→ EXERCISE REQUIREMENTS: If a line in the entries contains the string "Toyota", include that line in your answer.

→ INPUT FOR THIS TASK:
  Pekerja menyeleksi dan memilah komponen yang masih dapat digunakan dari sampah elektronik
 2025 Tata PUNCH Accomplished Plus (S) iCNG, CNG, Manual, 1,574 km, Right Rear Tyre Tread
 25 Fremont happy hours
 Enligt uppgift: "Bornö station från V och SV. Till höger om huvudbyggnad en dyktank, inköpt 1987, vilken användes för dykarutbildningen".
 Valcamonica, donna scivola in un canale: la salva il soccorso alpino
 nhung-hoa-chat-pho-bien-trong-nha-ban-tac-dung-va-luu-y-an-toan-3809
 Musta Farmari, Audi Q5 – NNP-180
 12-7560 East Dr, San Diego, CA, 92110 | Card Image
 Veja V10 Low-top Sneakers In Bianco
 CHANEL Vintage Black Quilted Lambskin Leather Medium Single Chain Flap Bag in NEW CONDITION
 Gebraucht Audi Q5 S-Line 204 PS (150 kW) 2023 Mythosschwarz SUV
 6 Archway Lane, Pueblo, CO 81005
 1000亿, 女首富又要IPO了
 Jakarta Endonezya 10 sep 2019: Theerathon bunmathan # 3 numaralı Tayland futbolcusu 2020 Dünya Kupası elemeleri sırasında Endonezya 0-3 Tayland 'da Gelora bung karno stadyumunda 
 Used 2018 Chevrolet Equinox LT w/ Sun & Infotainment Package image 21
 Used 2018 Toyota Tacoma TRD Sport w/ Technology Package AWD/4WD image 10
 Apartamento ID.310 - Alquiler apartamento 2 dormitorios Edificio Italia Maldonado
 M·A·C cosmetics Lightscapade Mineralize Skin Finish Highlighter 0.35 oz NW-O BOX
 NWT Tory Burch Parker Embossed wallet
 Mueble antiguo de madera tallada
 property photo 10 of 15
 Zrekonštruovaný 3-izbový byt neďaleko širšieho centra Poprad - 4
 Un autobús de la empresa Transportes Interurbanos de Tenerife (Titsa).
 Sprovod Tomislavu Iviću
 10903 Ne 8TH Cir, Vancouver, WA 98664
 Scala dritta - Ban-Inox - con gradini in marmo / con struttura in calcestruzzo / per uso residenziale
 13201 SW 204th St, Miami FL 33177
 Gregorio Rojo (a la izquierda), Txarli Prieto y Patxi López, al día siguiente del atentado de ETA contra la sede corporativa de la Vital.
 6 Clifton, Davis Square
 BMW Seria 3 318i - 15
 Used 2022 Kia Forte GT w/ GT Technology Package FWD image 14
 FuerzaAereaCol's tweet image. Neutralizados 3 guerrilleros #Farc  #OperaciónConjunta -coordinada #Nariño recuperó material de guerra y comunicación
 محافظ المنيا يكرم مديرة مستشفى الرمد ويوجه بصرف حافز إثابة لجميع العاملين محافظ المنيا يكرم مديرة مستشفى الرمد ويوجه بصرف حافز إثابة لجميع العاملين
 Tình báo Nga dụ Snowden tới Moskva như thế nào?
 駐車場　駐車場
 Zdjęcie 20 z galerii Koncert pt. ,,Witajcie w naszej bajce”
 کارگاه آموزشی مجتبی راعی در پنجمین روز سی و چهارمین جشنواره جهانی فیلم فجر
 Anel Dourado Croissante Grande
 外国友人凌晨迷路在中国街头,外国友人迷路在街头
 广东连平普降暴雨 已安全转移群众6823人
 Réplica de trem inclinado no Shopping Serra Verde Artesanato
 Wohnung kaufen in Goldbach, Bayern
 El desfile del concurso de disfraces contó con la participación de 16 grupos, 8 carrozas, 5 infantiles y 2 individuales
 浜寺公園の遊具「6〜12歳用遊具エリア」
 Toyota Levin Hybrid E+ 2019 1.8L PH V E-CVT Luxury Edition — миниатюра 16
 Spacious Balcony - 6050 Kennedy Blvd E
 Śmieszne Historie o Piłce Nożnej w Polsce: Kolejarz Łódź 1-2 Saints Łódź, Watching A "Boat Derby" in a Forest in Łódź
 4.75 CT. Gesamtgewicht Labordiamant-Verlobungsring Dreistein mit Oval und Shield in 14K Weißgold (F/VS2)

→ ANSWER TO THIS EXERCISE:
 Used 2018 Toyota Tacoma TRD Sport w/ Technology Package AWD/4WD image 10
 Toyota Levin Hybrid E+ 2019 1.8L PH V E-CVT Luxury Edition — миниатюра 16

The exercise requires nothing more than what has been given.